**Your instructions**.
Make an exact copy of the entries below, with all images left out.

━━ Extracted entries ━━

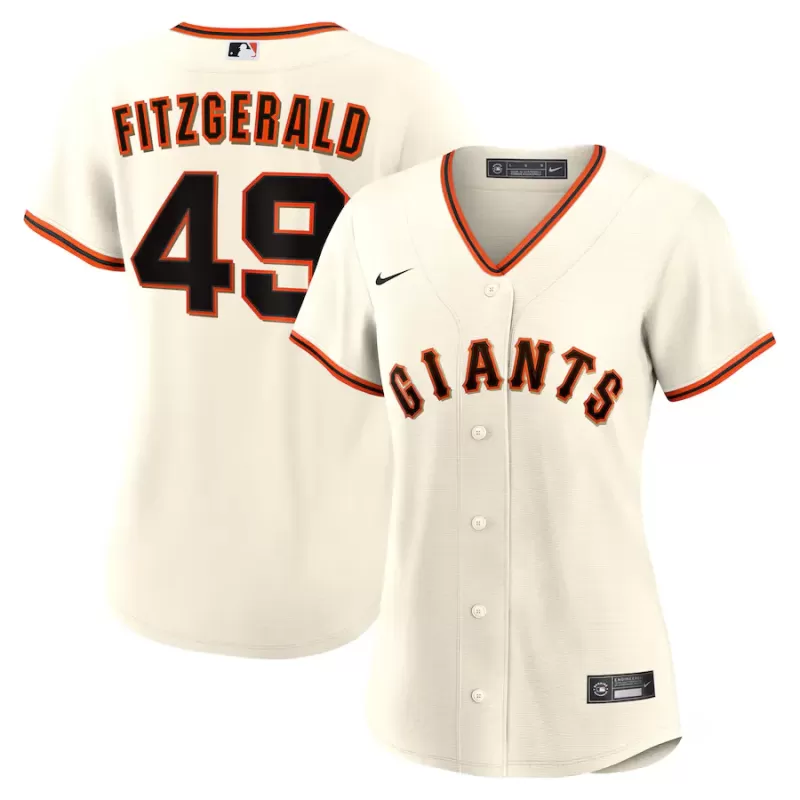 Women's San Francisco Giants Tyler Fitzgerald Nike Cream Home Replica Jersey Women's San Francisco Giants Tyler Fitzgerald Nike Cream Home Replica Jersey
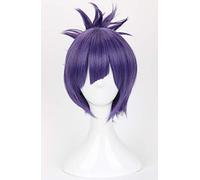 Seraph Of The End Lacus Welt Owari No Seraph Parrucca Cosplay Parrucca corta sintetica viola per capelli + Cappellino per parrucca AZ-429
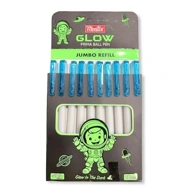 Montex Glow Prima Ball Pen, Glow in The Dark, 10 pens pack, Made in India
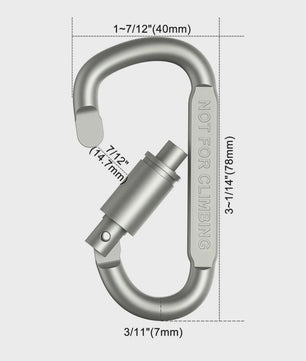 Set van 4-6 Aluminium Karabiners - Veelzijdige Clips voor Sleutels, Camping en Outdoor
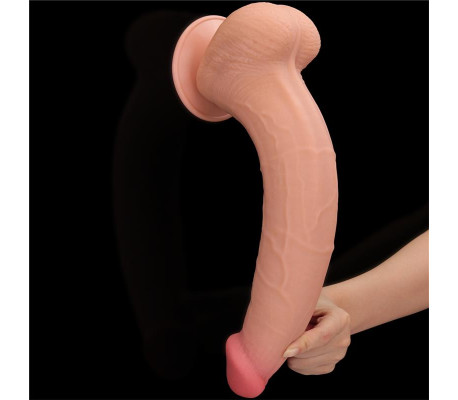 Dildo Dual Layer Piel Retractil 13.5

━━━

**Exercise response**.
 Women's San Francisco Giants Tyler Fitzgerald Nike Cream Home Replica Jersey Women's San Francisco Giants Tyler Fitzgerald Nike Cream Home Replica Jersey
 Seraph Of The End Lacus Welt Owari No Seraph Parrucca Cosplay Parrucca corta sintetica viola per capelli + Cappellino per parrucca AZ-429
 Montex Glow Prima Ball Pen, Glow in The Dark, 10 pens pack, Made in India
 Set van 4-6 Aluminium Karabiners - Veelzijdige Clips voor Sleutels, Camping en Outdoor
 Dildo Dual Layer Piel Retractil 13.5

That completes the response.